In general it looks good to me, but, it's better to change the order of the new functions. Like firstly avx2 then avx512. Also, please use onedal-benchmarks with the kernel profiler as well as intelex benchmarks to check what kernels have been improved. I would like to say that you will get similar performance benefits in both.

cpp/daal/src/data_management/finiteness_checker.cpp

icfaust · 2024-04-19T08:06:56Z

This will likely pass CI, but performance benchmarks are necessary due to the underlying changes in the CPU function dispatching.

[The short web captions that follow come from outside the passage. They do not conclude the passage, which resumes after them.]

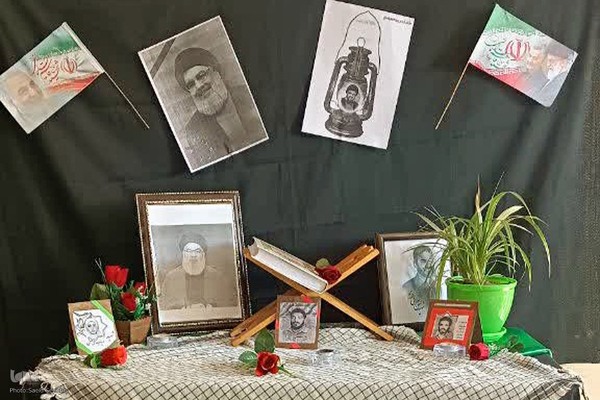 گرامیداشت شهدای جبهه مقاومت در مدارس ملایر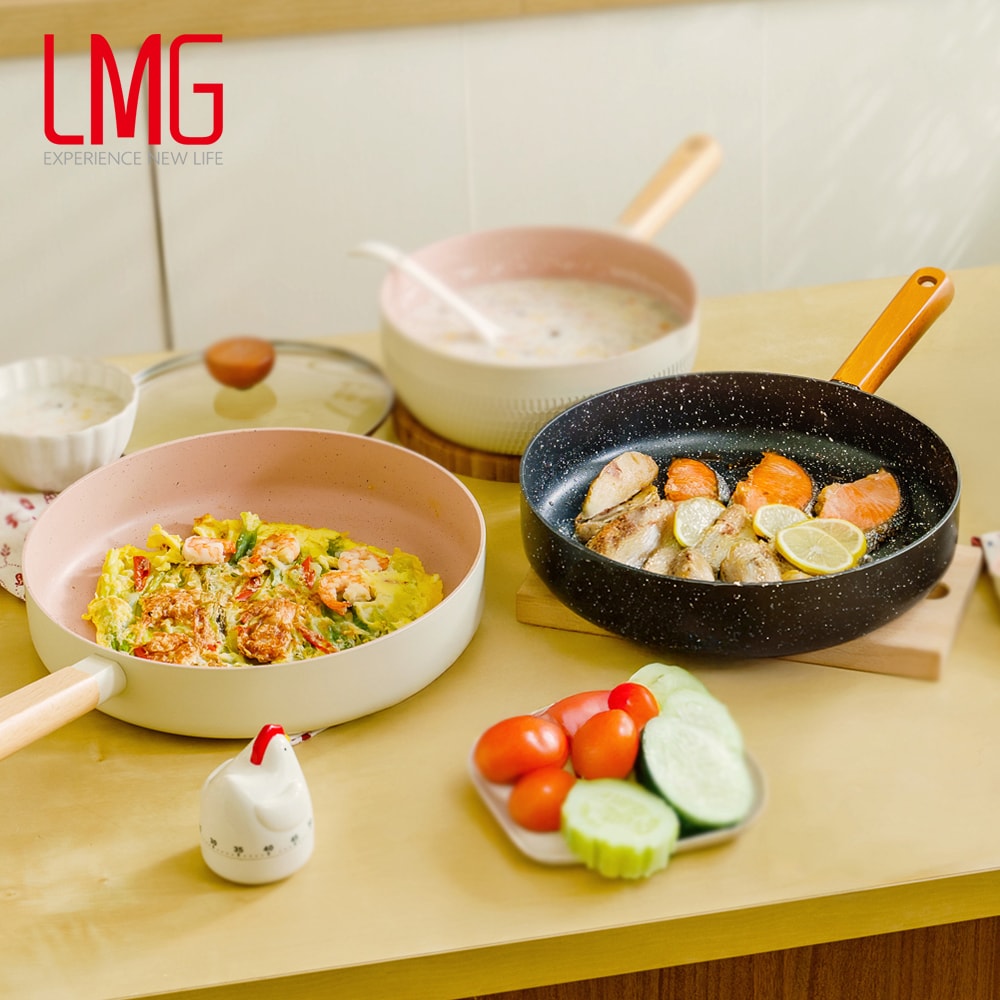 【LMG】雪藏系列不沾平底鍋28cm(含蓋)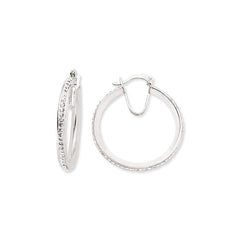 SILVER CRYSTAL EARRINGS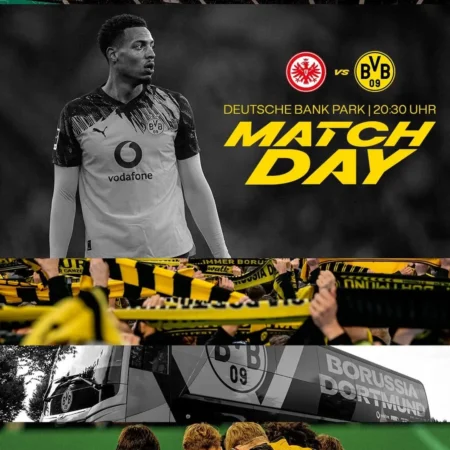 🔥 Eintracht Frankfurt vs Borussia Dortmund – Bundesliga Match Preview, Tips & Predictions
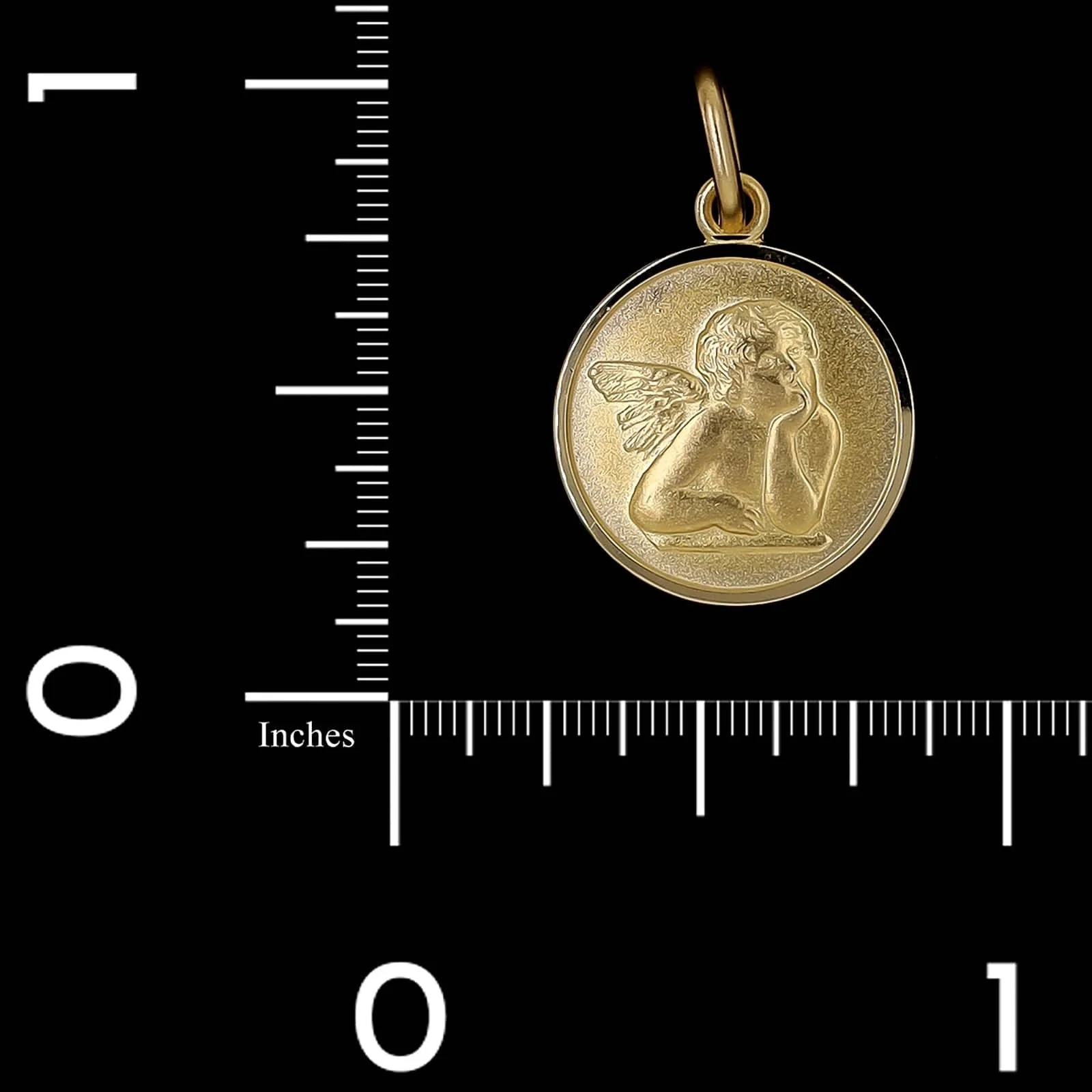 14K Yellow Gold Estate Angel Charm - Image 3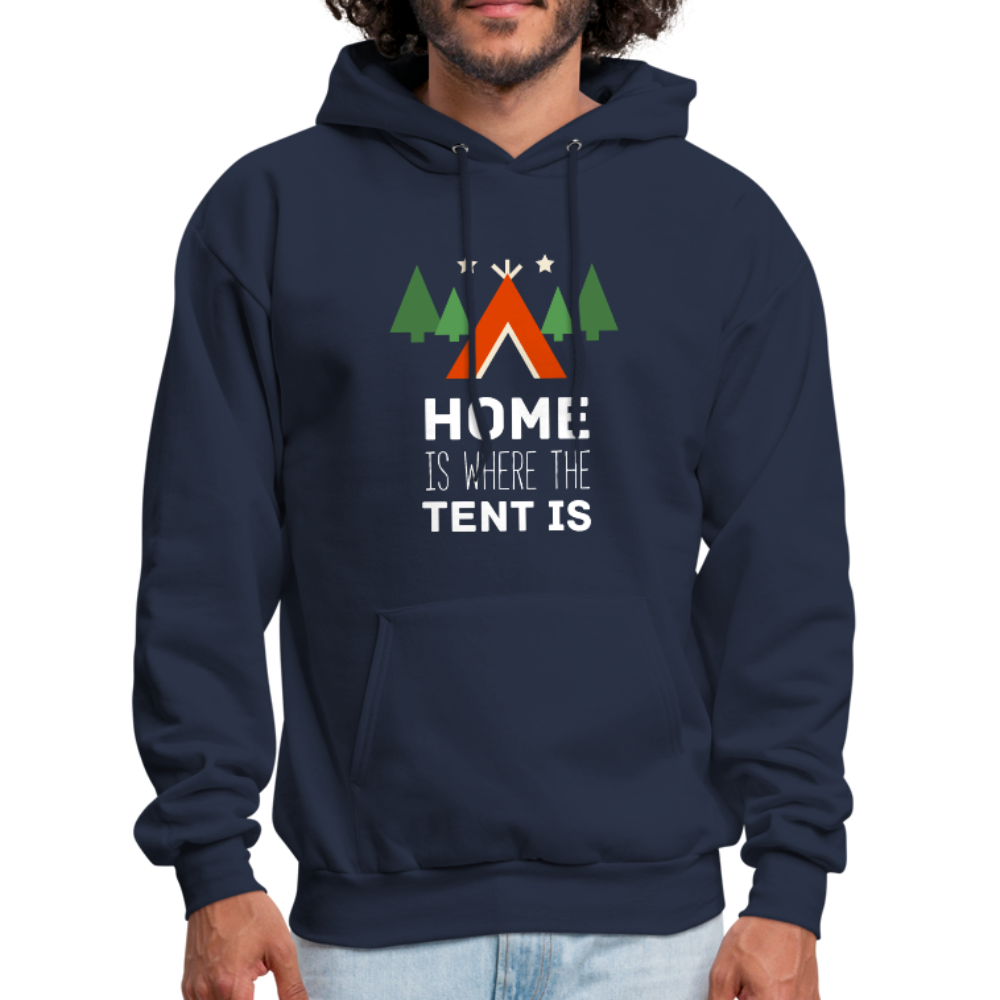 Home Is Where the Tent Is Unisex Hoodie-Men's Hoodie-Teelime | shirts-hoodies-mugs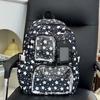 Schoolbag new Korean version ins high value, fresh, sweet and cute star bar pain bag women's lightweight large-capacity backpack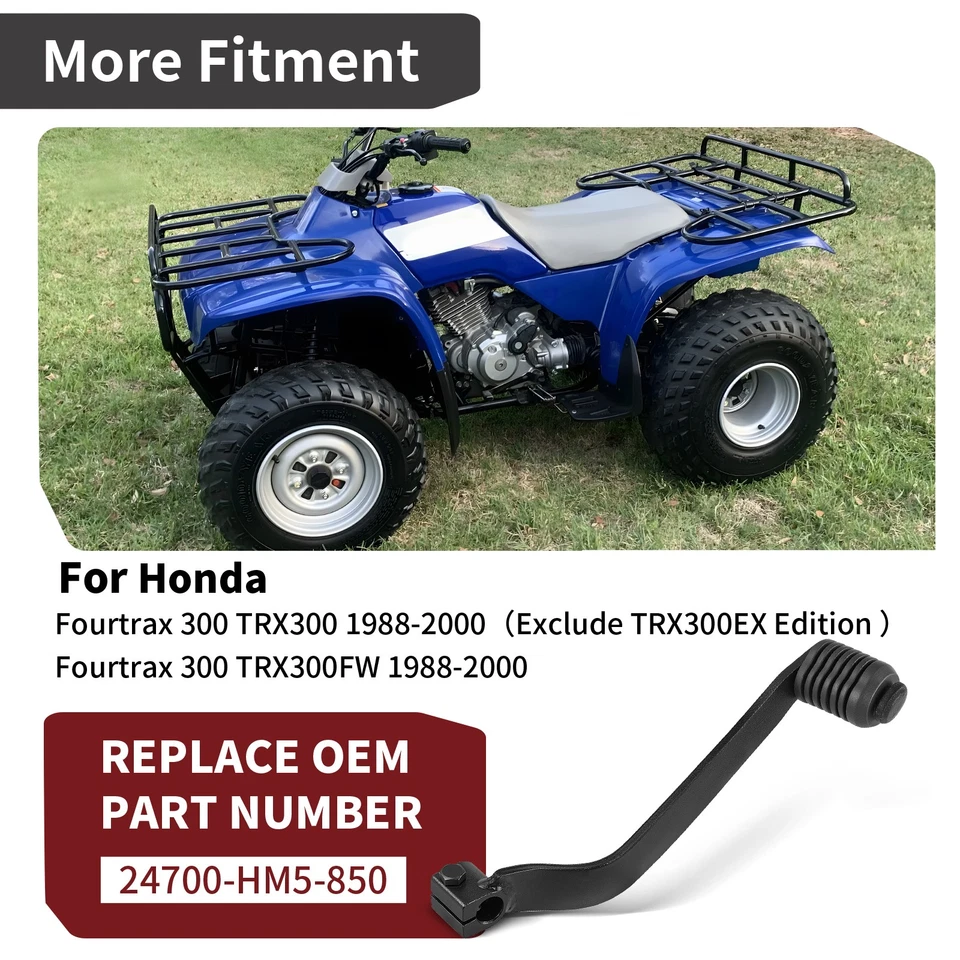 Pedal de palanca de cambios negro para Honda Fourtrax 300 TRX300 TRX300FW 1988-2000 Foto 4 de 4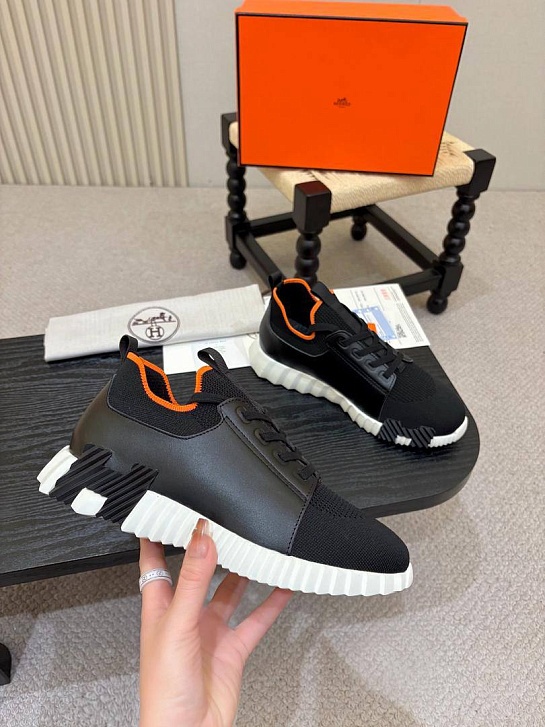 Мужские кроссовки Hermes Depart - Black
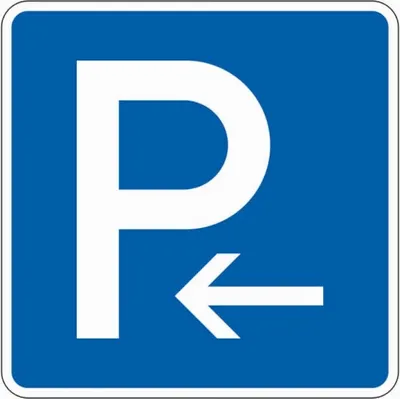 Produktbild von Schild I Verkehrszeichen Parkplatz links, Nr.314-10, Aluminium RA1, reflektie...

icfaust · 2024-04-19T08:07:08Z

/intelci: run

icfaust · 2024-04-22T07:14:22Z

/intelci: run

icfaust · 2024-04-22T07:15:10Z

Things required before re-review: a privateCI run for checking avx512, and oneDAL performance benchmarks of changes to function dispatching.

icfaust · 2024-04-22T08:52:41Z

Run with an avx512 build: http://intel-ci.intel.com/ef007c41-cb1f-f115-9514-a4bf010d0e2e failures due to un-related GPU issues.

icfaust · 2024-04-23T04:46:52Z

private CI failures due to unrelated GPU/dpc timeouts

icfaust · 2024-04-23T04:55:18Z

private CI run with last sklearnex master (includes _assert_all_finite tests coming from intel/scikit-learn-intelex#1759) http://intel-ci.intel.com/ef012d7e-a408-f166-adc8-a4bf010d0e2e

Vika-F

Thank you for the restructuring effort.
The code became much more understandable.

My final comment is that 'AVX' needs to be replaced with something else like 'SIMD'. Otherwise the code is good to go.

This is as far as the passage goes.